Twitter is appointing Tesla CEO Elon Musk to its board of directors, according to a filing with the US Securities and Exchange Commission. Musk will serve as a class II director until 2024. Twitter’s classified board system places members in overlapping terms, helping to prevent a newly-appointed board member from gaining control of the company right away.
In a pair of tweets, Twitter CEO Parag Agrawal confirmed Musk’s new role on the board. He called Musk “both a passionate believer and intense critic of the service” and said he would “bring great value to our Board.” Musk responded via Twitter saying he looks forward “to making significant improvements to Twitter in coming months!”
“The Company will appoint Mr. Musk to the Company’s Board of Directors (the “Board”) to serve as a Class II director with a term expiring at the Company’s 2024 Annual Meeting of Stockholders,” the filing says. “For so long as Mr. Musk is serving on the Board and for 90 days thereafter, Mr. Musk will not, either alone or as a member of a group, become the beneficial owner of more than 14.9% of the Company’s common stock outstanding at such time, including for these purposes economic exposure through derivative securities, swaps, or hedging transactions.”

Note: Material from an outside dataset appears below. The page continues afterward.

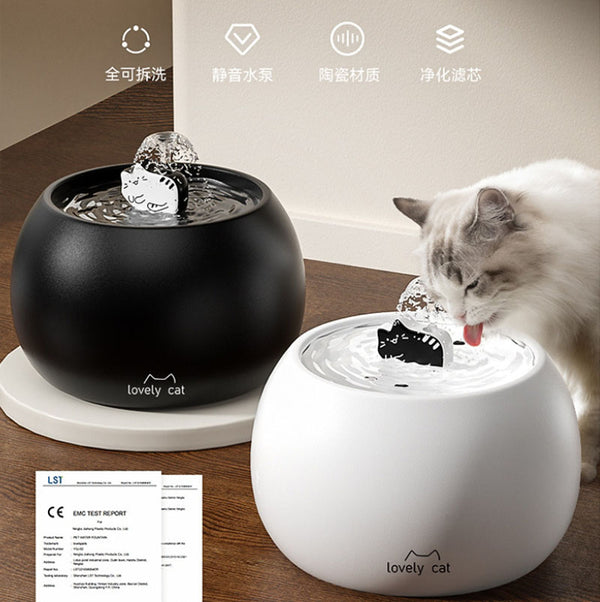 Pet black and white cartoon kitten ceramic water fountain dog electric circulating water filter automatic drinking fountain cat bowl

On Monday, Musk announced via an SEC filing that he’d purchased a 9.2 percent stake in Twitter, despite his complaints about free speech on the platform. Musk’s acquisition makes him the largest individual shareholder in the company. Shortly after making that disclosure, Musk polled followers about creating an “edit” button. Agrawal replied by tweeting “the consequences of this poll will be important,” and he warned users to “vote carefully.”
Jack Dorsey, the former CEO of Twitter, expressed that he’s “happy” that Musk is joining the Twitter board, citing that “he cares deeply about our world and Twitter’s role in it.” Dorsey stepped down as CEO in November 2021 but will still remain on the board until sometime in May.

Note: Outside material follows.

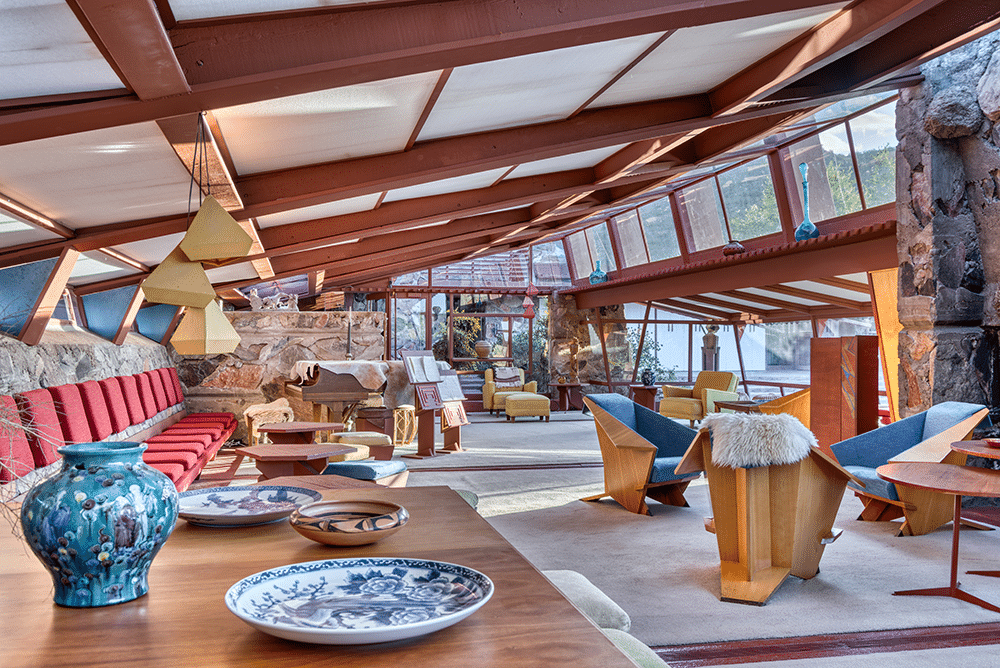 interior of the Garden Room at Taliesin West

As noted by CNBC, Musk’s investment could set off more issues with the SEC. The SEC requires anyone with more than a 5 percent stake in the company to disclose their purchase within 10 days. Musk first acquired the shares on March 14th, 2022, and didn’t reveal that information until April 4th, 2022 — 21 days after the fact. According to CNBC, the SEC’s fines for this kind of violation typically aren’t exorbitant (for the world’s richest man at least), and tend to waver around the $100,000 mark.
Another issue could’ve related to the way he originally announced the stock purchase, with a Schedule 13G filing instead of selecting the more complicated 13D. The difference is that anyone acquiring more than 5 percent of a company’s shares is required to register it, and according to Investopedia, the 13D form includes asking about plans “involving a merger, reorganization, or liquidation of the issuer or any of its subsidiaries.” The simpler 13G form does not ask those questions, however. It’s intended for use when investors “have no intention of influencing control of the issuer,” and taking a board seat suggests that isn’t the case. Improperly filing the forms could result in a fine from the SEC, but that doesn’t appear to be a problem, after an amended 13D filing from Musk popped up Tuesday evening.
Musk has butted heads with the SEC several times over the content in his tweets. In 2018, the SEC sued Musk for tweeting he had “funding secured” to take Tesla private. A judge later ordered an attorney to approve Musk’s tweets before he publishes them. The SEC is currently investigating Musk for his tweet polling users whether to sell 10 percent of his Tesla shares.
Update April 5th, 10:17AM ET: Added information regarding Musk’s SEC filing.
Update April 5th, 12:28PM ET: Added clarification surrounding the meaning of a classified board.
Update April 5th, 6:59PM ET: Added updated details of the amended 13D SEC filing.